[Task to carry out]: Give back exactly the lines from the one that holds "Jackson Map Placemat artwork detail" through the final line of the data; omit the pictures and add nothing.
[Opening Record set section]
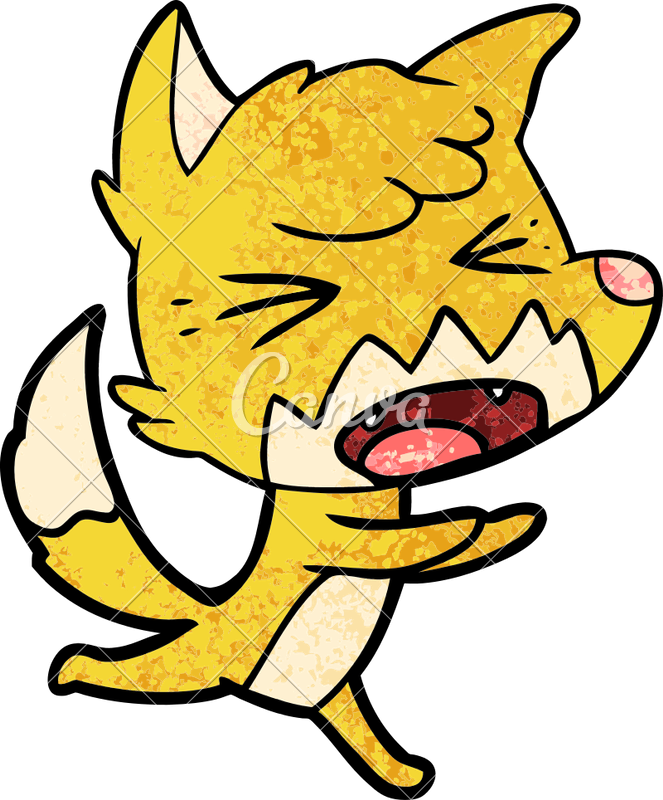 663x800 Angry Cartoon Fox Running
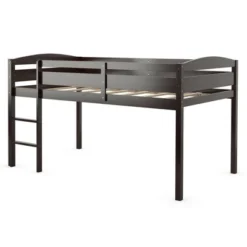 Costway Twin Low Loft Bunk Junior Bed Bedroom Wooden Guard Rail Ladder White/Espresso/Grey -Barbie Store GUEST 64c1da52 8e6e 46f2 8f49 a658bf93b5ad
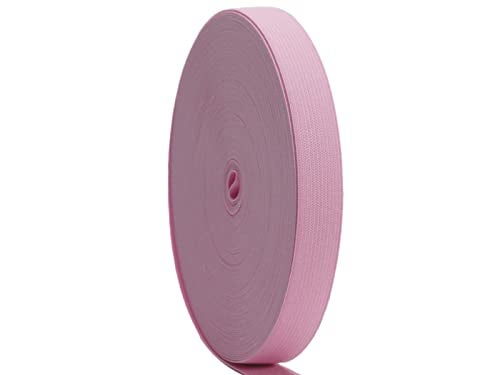 JESEP Pink Knit Elastic Band for Sewing 20mm 4/5 inch 40 Yards Flat High Elasticity Straps- Wide Stretchy Knit Elastic Bands for Pants-Waistband-Wigs-Bedspread-DIY Sewing Crafts - Image 1
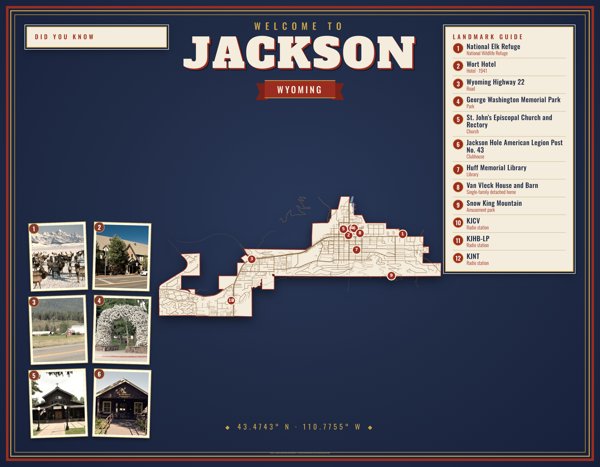 Jackson Map Placemat artwork detail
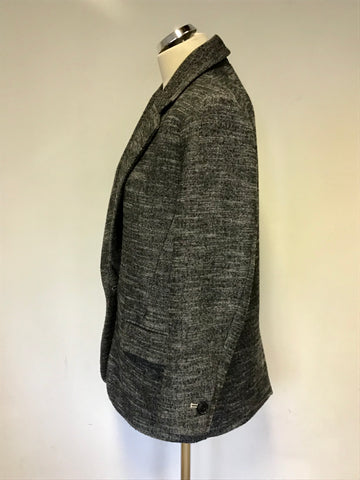 ISABEL MARANT ETOILE DARK GREY WOOL BLEND OVERSIZE LONG JACKET SIZE 36 UK 8/10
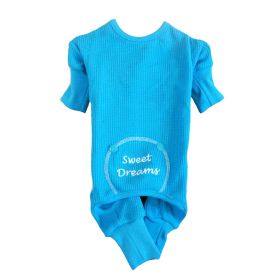 Sweet Dreams Thermal Dog Pajamas (Color: Blue, Size: X-Large)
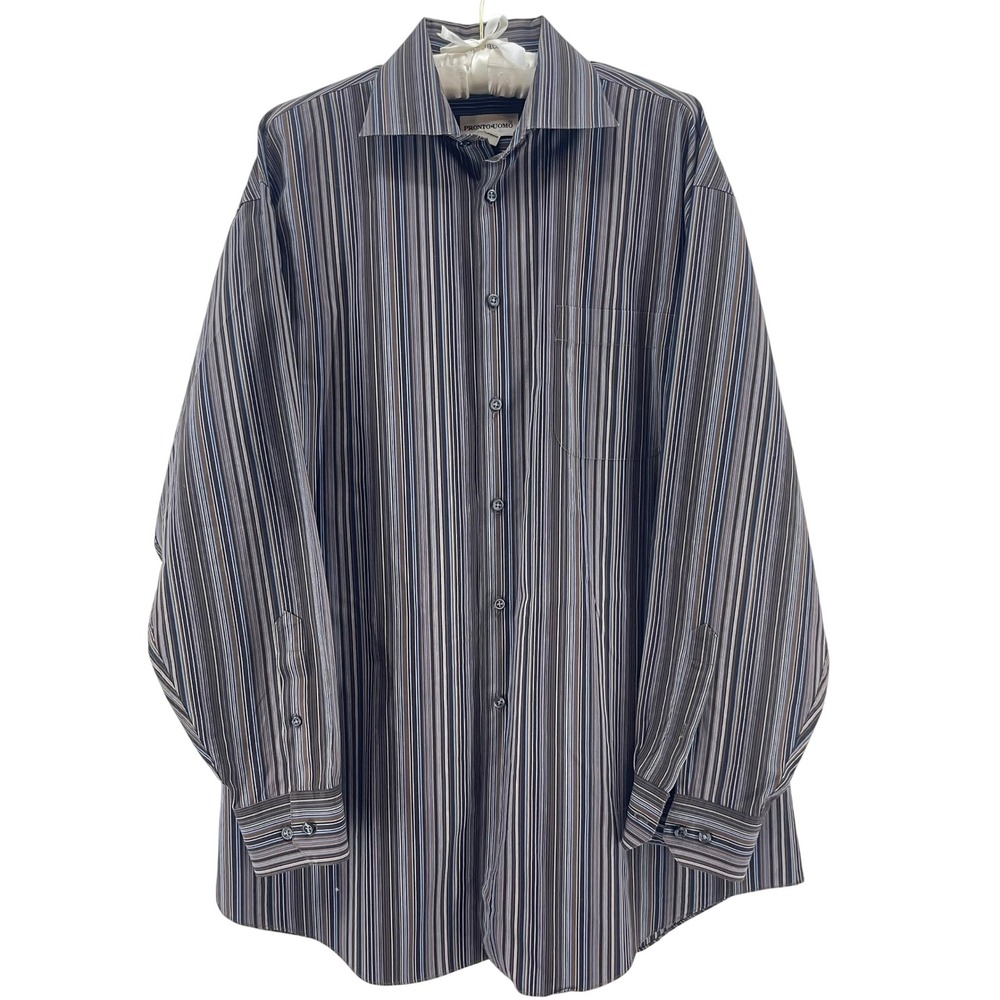 Pronto Uomo Button Down Shirt Mens L Brown Blue Striped Non Iron Stretch Formal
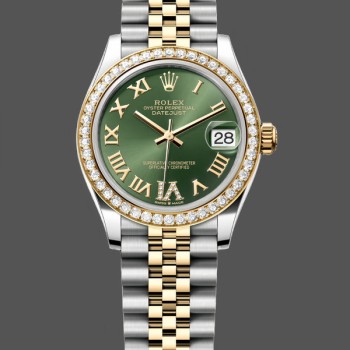 Replique Rolex Datejust 31-278383RBR 0016 pour femme, 31mm, acier inoxydable et or jaune, cadran romain vert VI, Jubilé, vert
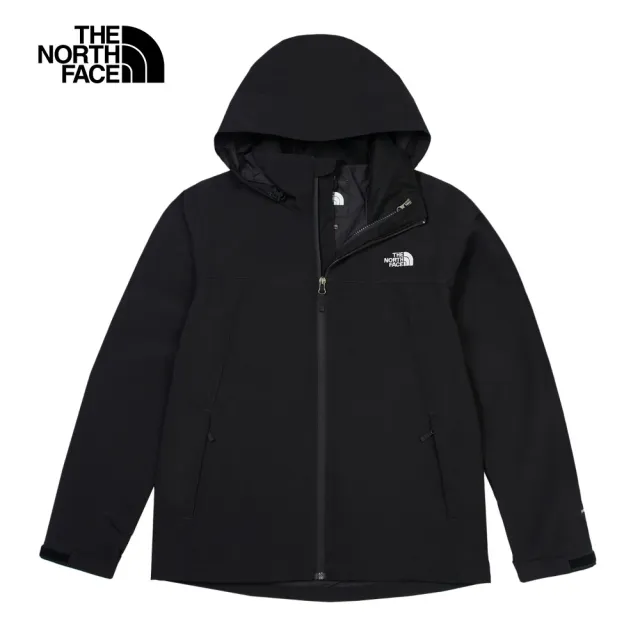 【The North Face 官方旗艦】北面女款黑色DryVent防水透氣連帽衝鋒衣｜88FY4H0(外套)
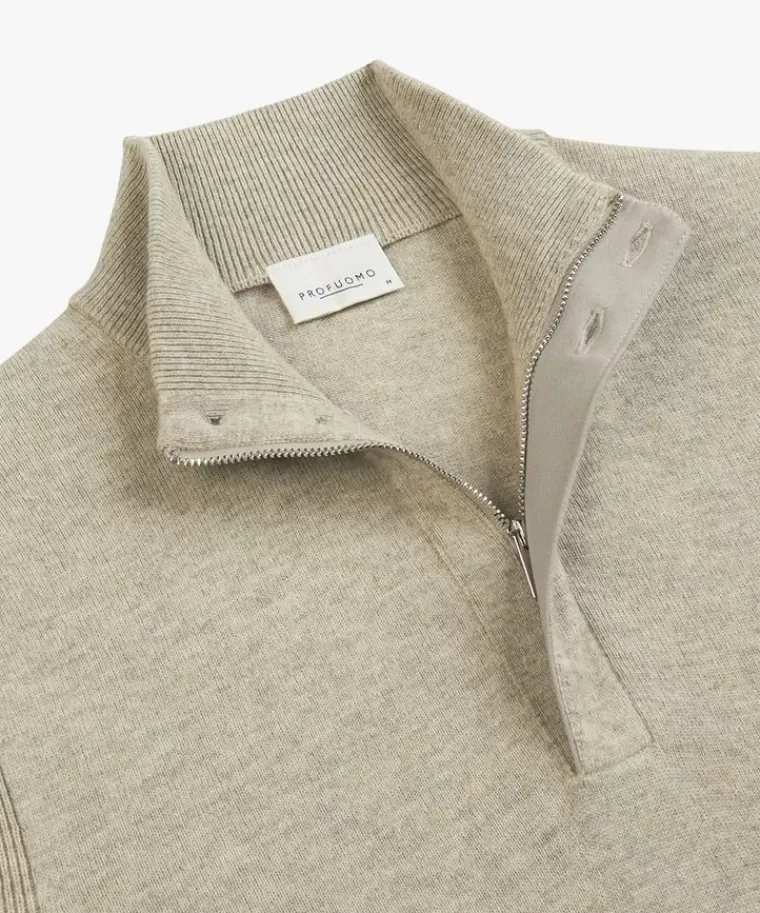 Maglione in misto lana Profuomo - Girocollo a mezza cerniera verde foglia con offerta limitata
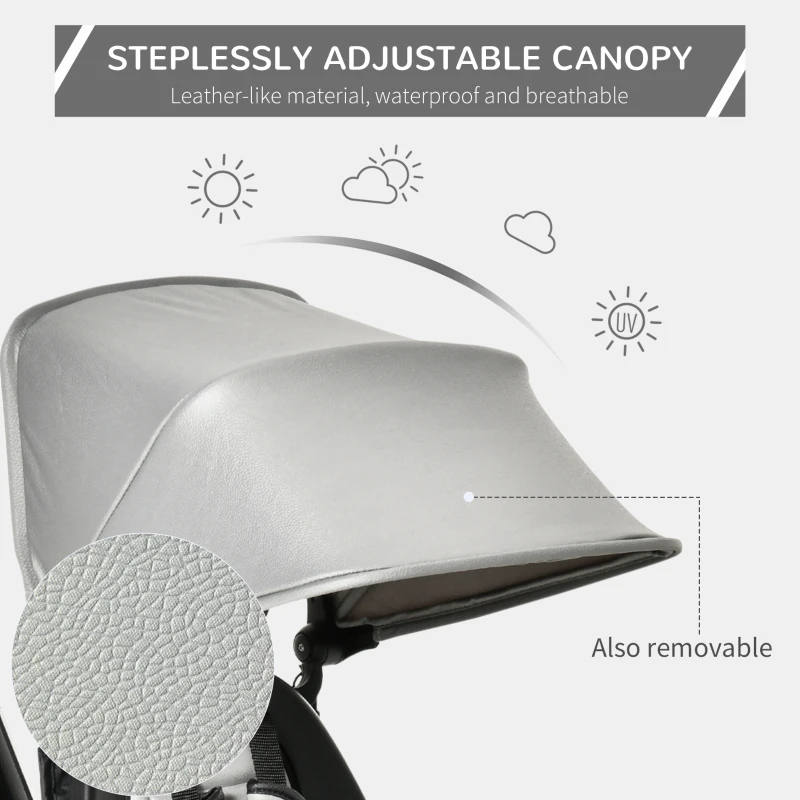 HOMCOM 4 in 1 Kids Trike Toddler Foldable Pedal Tricycle w/ Reversible Angle Adjustable Seat Removable Handle Canopy Belt Brake - Grey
[Closing Record set section]
[Answer for the task]:
 Jackson Map Placemat artwork detail
 ISABEL MARANT ETOILE DARK GREY WOOL BLEND OVERSIZE LONG JACKET SIZE 36 UK 8/10
 Sweet Dreams Thermal Dog Pajamas (Color: Blue, Size: X-Large)
 Pronto Uomo Button Down Shirt Mens L Brown Blue Striped Non Iron Stretch Formal
 Replique Rolex Datejust 31-278383RBR 0016 pour femme, 31mm, acier inoxydable et or jaune, cadran romain vert VI, Jubilé, vert
 【The North Face 官方旗艦】北面女款黑色DryVent防水透氣連帽衝鋒衣｜88FY4H0(外套)
 Maglione in misto lana Profuomo - Girocollo a mezza cerniera verde foglia con offerta limitata
 HOMCOM 4 in 1 Kids Trike Toddler Foldable Pedal Tricycle w/ Reversible Angle Adjustable Seat Removable Handle Canopy Belt Brake - Grey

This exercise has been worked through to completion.